Get at the roots of your data conversion problems by designing a custom data parsing algorithm. This is an iterative process which requires a knowledgeable programmer and a user who is well versed in the actual data, what it looks like, its anomalies and how they came about. The business decisions that are required depart from the typical standard applied to programming work because the data to be parsed is generally passed from one system to another only once. That being the case, some parsing will be manual, that being the least costly solution.
A successful data migration project involves transforming data from the format and data integrity rules (or lack of rules) of the source system into a different format and a different set of rules, those that makeup the database integrity of your new system Wikidata. The process of evaluating, standardizing and interpreting the source data so that it can be properly reformatted and stored in the target system is sometimes referred to as “parsing”. All data in the source system must be looked at before migrating it to the new system. Nothing should be taken for granted regardless of how well defined the data entry procedures for the old system may have been. The nature of data and the flexibility for its use which is designed into systems, results in Parsing being required for most data elements.
Perhaps the most globally used data items requiring the use of a parsing algorithm are name and address information. Name and address parsing is based on the concept that name and address information is comprised of numerous components that have common, identifiable characteristics.

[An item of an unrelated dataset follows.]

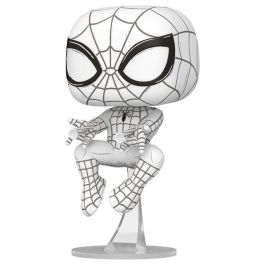 Funko Figura POP Marvel Spider-Man Figura Vinilo en Caja Regalo Precio: 15.68999982. SKU: B16LF7RNJM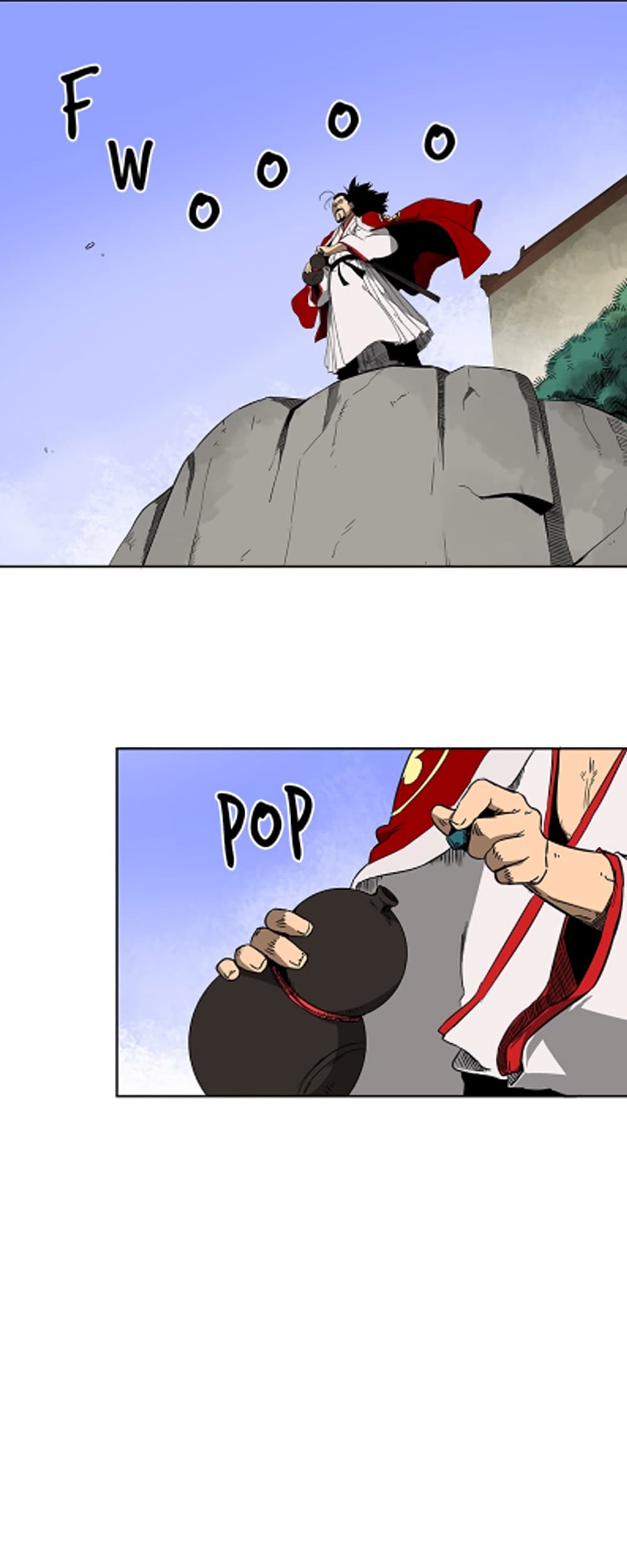 Infinite Level Up in Murim page 2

Although the process is not infallible, a high degree of success can be achieved in parsing out names and addresses so they can be successfully reformatted for use in a system with different formatting requirements than the system which originally captured the data. One of the most common problems which parsing is less than perfect in resolving is inconsistent data entry.
A name and address block is made up of three main components-name lines, address lines and city/state/zip code lines. Any of these may occur multiple times or may be absent. Each has particular characteristics that can be identified and is made up of its own set of components. Alternatively, any two or all three may be combined into one data field.
The name lines will be first and are made up of a name prefix (i.e. Mr., Mrs., Ms, etc.) a first name, middle name, and last name and a name suffix, (i.e. Dr., DDS, etc.). Compound names can be recognized by key words or characters such as “and” or “&”. Business names can be recognized by keywords such as “Company”, “Inc.” etc. To be successful the name parser must take into account such things as misspellings, plural forms, hyphenated names and abbreviations. To allow flexibility for the unique characteristics of a particular region or business, the identification of these components is built into tables.